▶ The task: Please copy the entries below word for word, leaving out any image.

▼▼▼

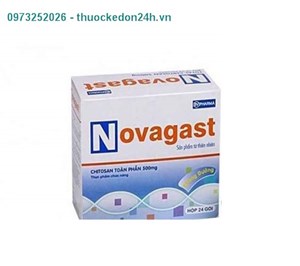Novagast Không Đường – Hỗ trợ các liệu pháp giảm toan dạ dày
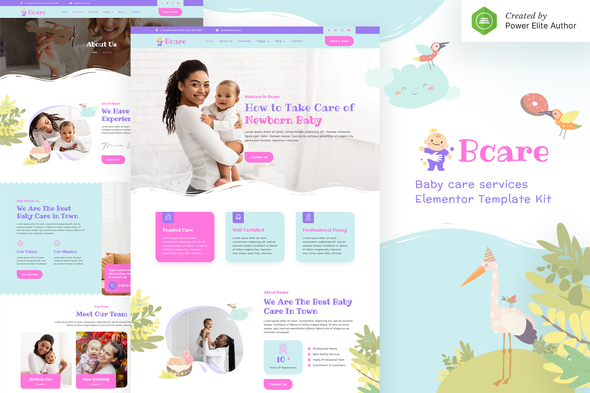 [Download] Bcare – Baby Care Services Elementor Template Kit 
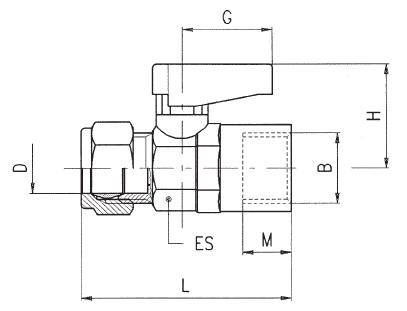 TUBE - FEMALE RP ISO 7 VALVE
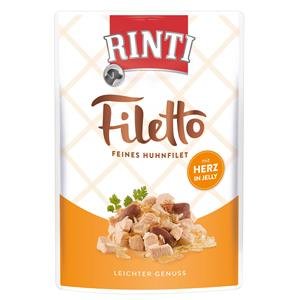 Rinti Filetto Jelly Huhn & Hühnerherz 24 x 100g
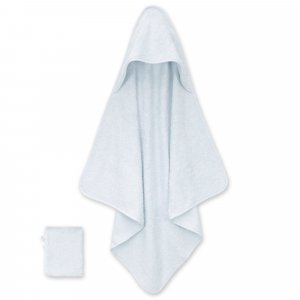 Cape de bain bébé 75x75 cm terry glacier Bemini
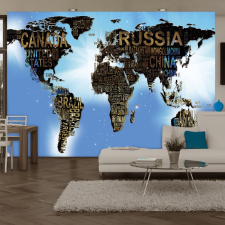  Fotótapéta térkép - World Map - Blue Inspiration Világtérkép 100x70 térkép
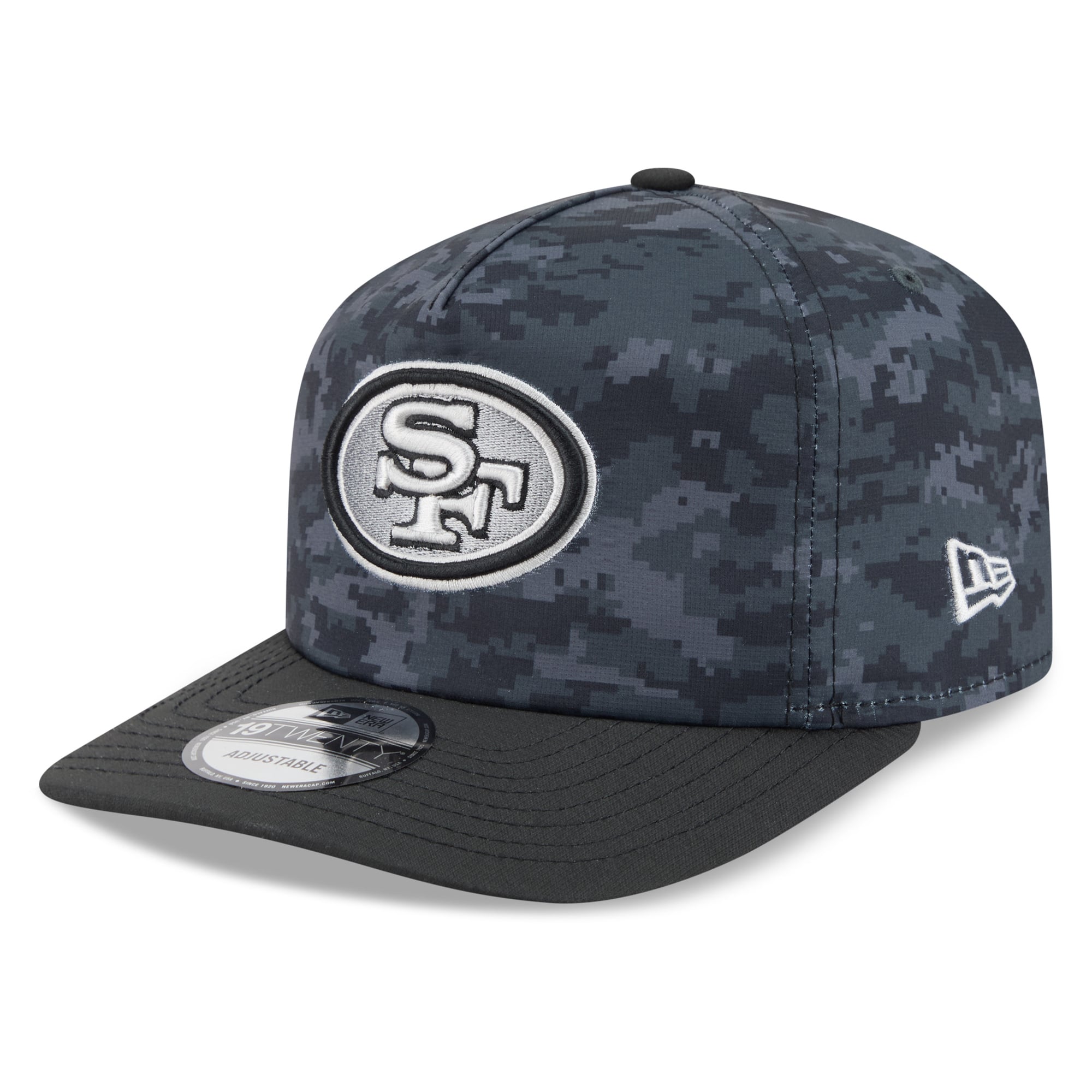 Men's New Era Black San Francisco 49ers 2026 Salute To Service 19TWENTY Adjustable Hat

▲▲▲

▶ Output below:
Novagast Không Đường – Hỗ trợ các liệu pháp giảm toan dạ dày
 [Download] Bcare – Baby Care Services Elementor Template Kit 
 TUBE - FEMALE RP ISO 7 VALVE
 Rinti Filetto Jelly Huhn & Hühnerherz 24 x 100g
 Cape de bain bébé 75x75 cm terry glacier Bemini
  Fotótapéta térkép - World Map - Blue Inspiration Világtérkép 100x70 térkép
 Men's New Era Black San Francisco 49ers 2026 Salute To Service 19TWENTY Adjustable Hat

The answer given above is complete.